Forbidden Siren 2 is a survival horror stealth game developed by Japan Studio's Project Siren team and published by Sony Computer Entertainment for the PlayStation 2 in 2006. It is a sequel to 2003's Siren (Forbidden Siren). A film inspired by the game but featuring a different plot and characters, Siren, was released that same year.
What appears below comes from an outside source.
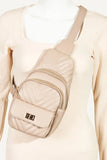 Quilted Synthetic Leather Crossbody Bag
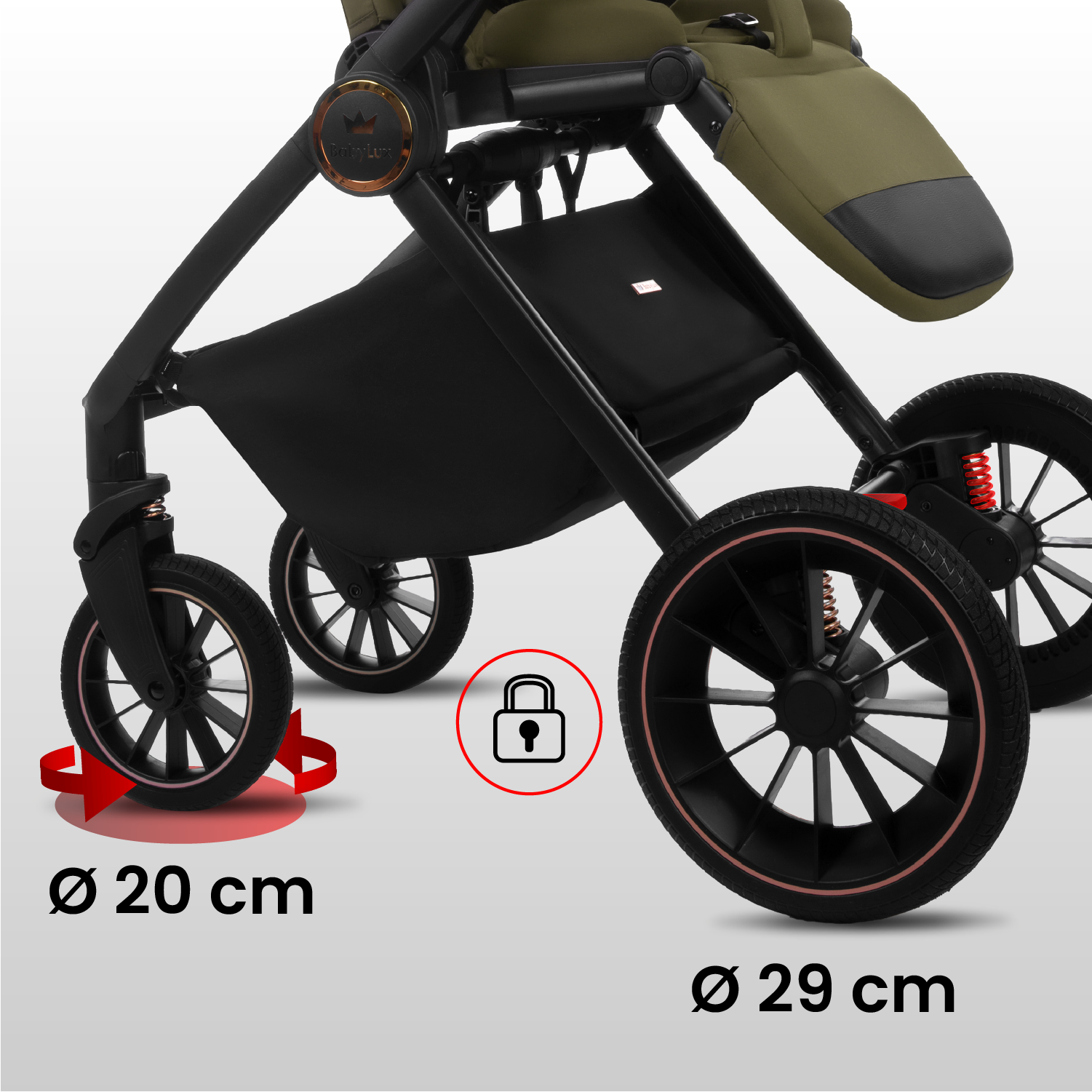 Castor 4 in 1 Stroller Travel System Pushchair with Car Seat & Isofix Base & Backpack in Brown - Obrázek 9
The game tells the story of several characters who become trapped on Yamijima Island, off the coast of mainland Japan. In 1976, during a blackout, the entire population of the island disappeared without a trace or explanation. Twenty-nine years later, in 2005, a journalist is visiting the island to conduct research for an article when the ferry he and a small group of other passengers are on capsizes. Shortly after this, a group of soldiers crash land on the island. The game is played from the perspective of these characters, and out of chronological order, as the protagonists attempt to survive the island's monsters and discover its mystery.

Gameplay
Like its predecessor, Forbidden Siren 2 is divided into numerous scenarios, organized chronologically in a table called the "Link Navigator". In order to complete a scenario, the player must accomplish a primary mission objective that usually involves reaching an exit point, finding an item, or subduing certain enemies (called  and the ). Objectives are interconnected via a butterfly effect, and a character's actions in one scenario can trigger a secondary objective in another.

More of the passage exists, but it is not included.